A companion to our feature The Hawai‘i Writer’s Life, this compendium of writers, platforms, resources and more intends to map out our literary communities and individuals. It’s just getting started, but we hope it will grow to help them, and you, find each other, scheme together and maybe get some writing done.
WHO: Christy Passion, poet, critical care nurse.
WHAT: One book of poetry, one poetry collaboration with three other female poets.
WHY: As a nursing student planning to specialize in the intensive care unit, Christy Passion says she went for “the most critical piece: I wanted to know that if a person was dying, could I handle that?” Years later, working a 12-hour shift schedule, she decided to write. “I fell into poetry. Writing poetry is like being in the ICU: that same do or die moment.”
Today, the 49-year-old—who’s “typical poi, part Native Hawaiian, Portuguese, Chinese, Filipino, Spanish, Irish”—is the author of two books and the 2017 winner of the state’s highest honor for literature, the Elliot Cades Award, for Still Out of Place, her first book of poetry.
She is not your typical suburban-raised MFA poet. “We grew up quite poor,” says Passion, who was born in the McCully neighborhood. “But my father told me that nothing separates me from anybody else, you just have to work harder.”

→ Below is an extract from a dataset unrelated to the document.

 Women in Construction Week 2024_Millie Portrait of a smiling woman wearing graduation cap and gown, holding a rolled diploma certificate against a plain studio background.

At the University of Hawai‘i she started out pre-med but switched to nursing school, she says, “because I didn’t like math.” She found herself drawn to the critical care world: “very fast-paced, very intense, very detail-oriented.”

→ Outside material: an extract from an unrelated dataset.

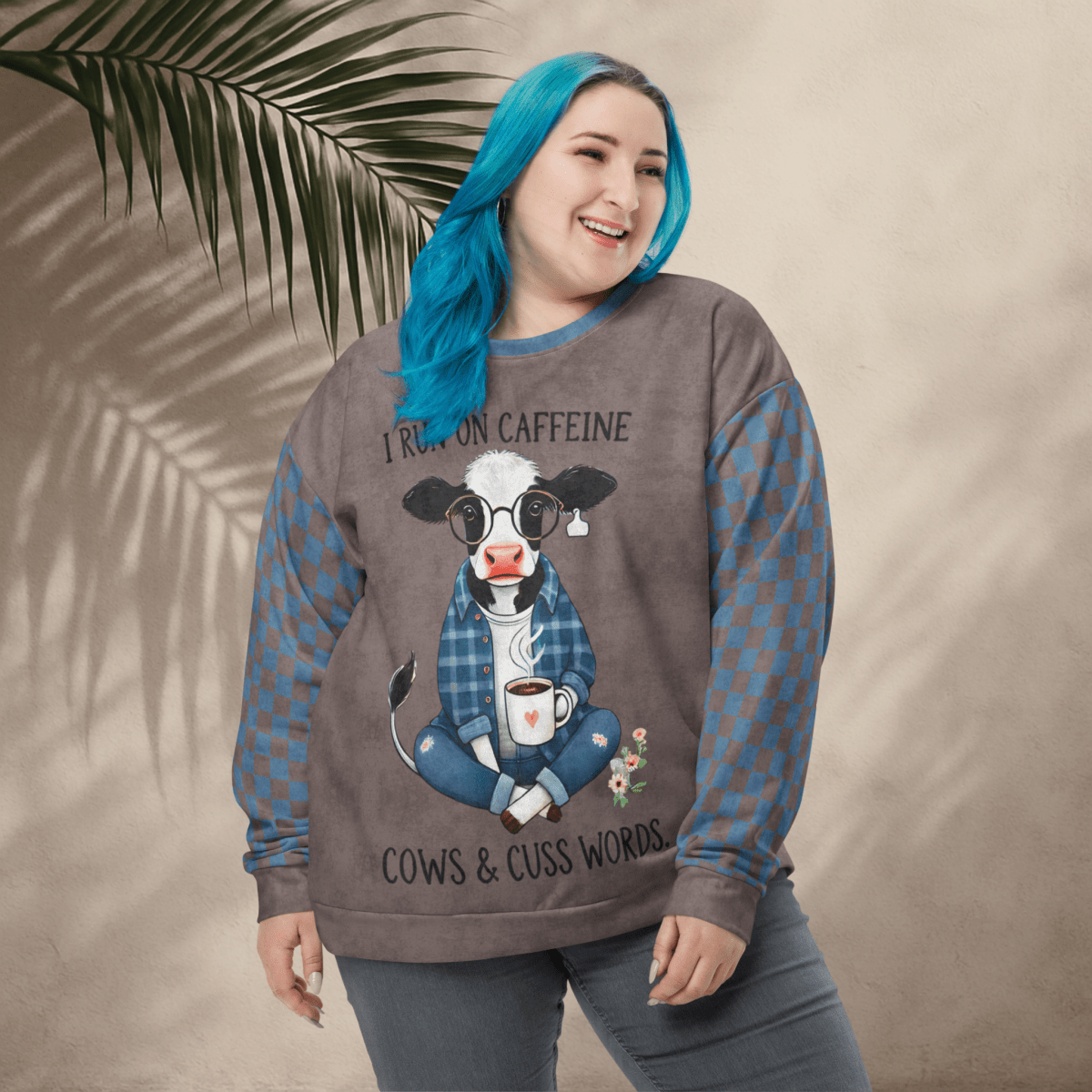 Person wearing Espresso and denim Sweatshirt with a cow graphic and text, standing against a beige wall with a leafy branch.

Always a reader as a child, “always with a book in my hands,” and a writer of little vignettes that her parents saved and showed off to people, she returned to her love in her late 20s. “Once I had the rent down,” she says, she began to take creative writing classes.
A well-known teacher and published writer, Marie Hara, invited her to join the Bamboo Ridge study group. “She saw how purely I wanted to learn. I was taking classes at UH, at HPU and whatever was there in the community.”

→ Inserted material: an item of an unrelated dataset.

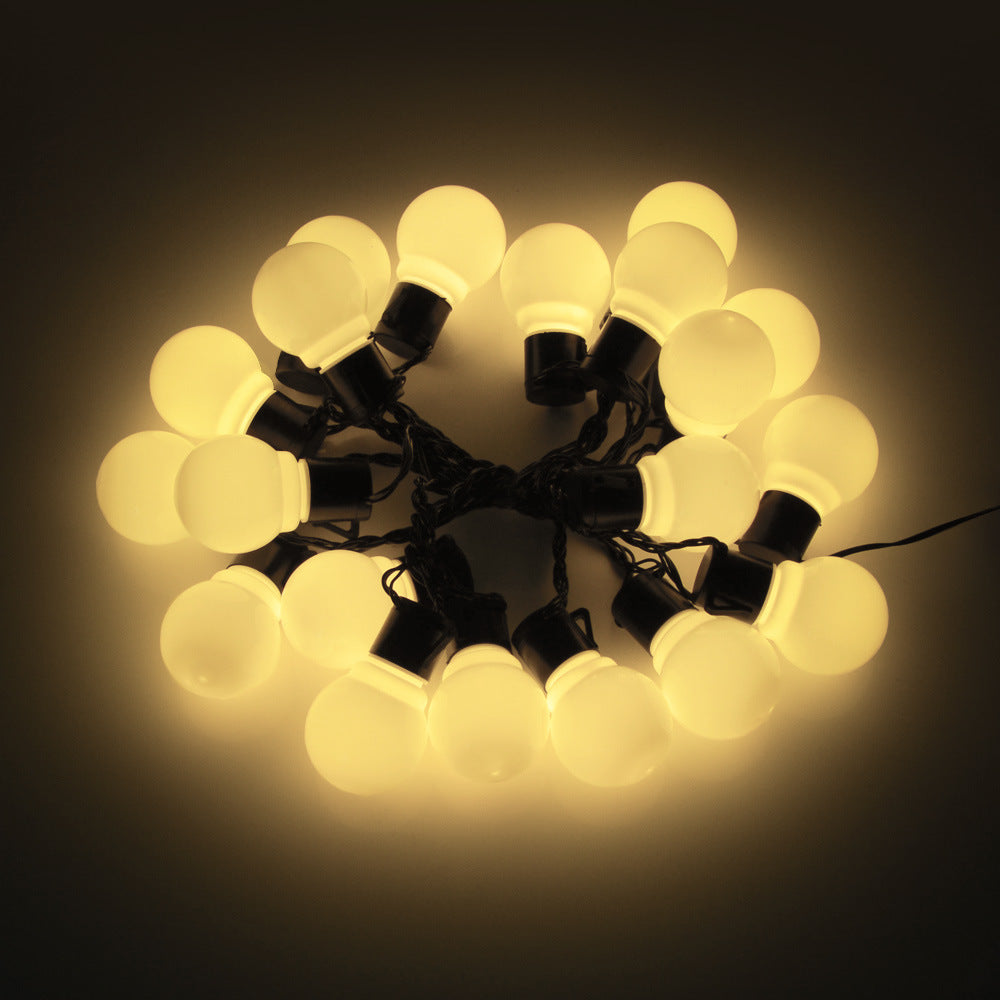 American Smart LED outdoor waterproof solar string lights with retro hook bulbs illuminating garden and lawn areas.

Hara encouraged her to submit to Bamboo Ridge, where her first work was published. Then co-founder Darrell Lum asked her to work on the 35th anniversary issue. “And because I didn’t look like a serial killer they let me into their little community.”
Published in 2016 by Bamboo Ridge Press, Still Out of Place was immediately recognized as a powerful and accomplished work. “I wanted to honor the life of my dad,” she says, “that duality of being in the most beautiful place in the world but being poor. He had a lot of ability but it went unfulfilled.” She then joined three other poets to write a linked series of poems telling the story of the Massey Case.
Passion says she’s only getting started. With the #MeToo movement, she appreciates seeing more opportunity for women. “I’m being shown in a profound way that things can change in my own personal little world.”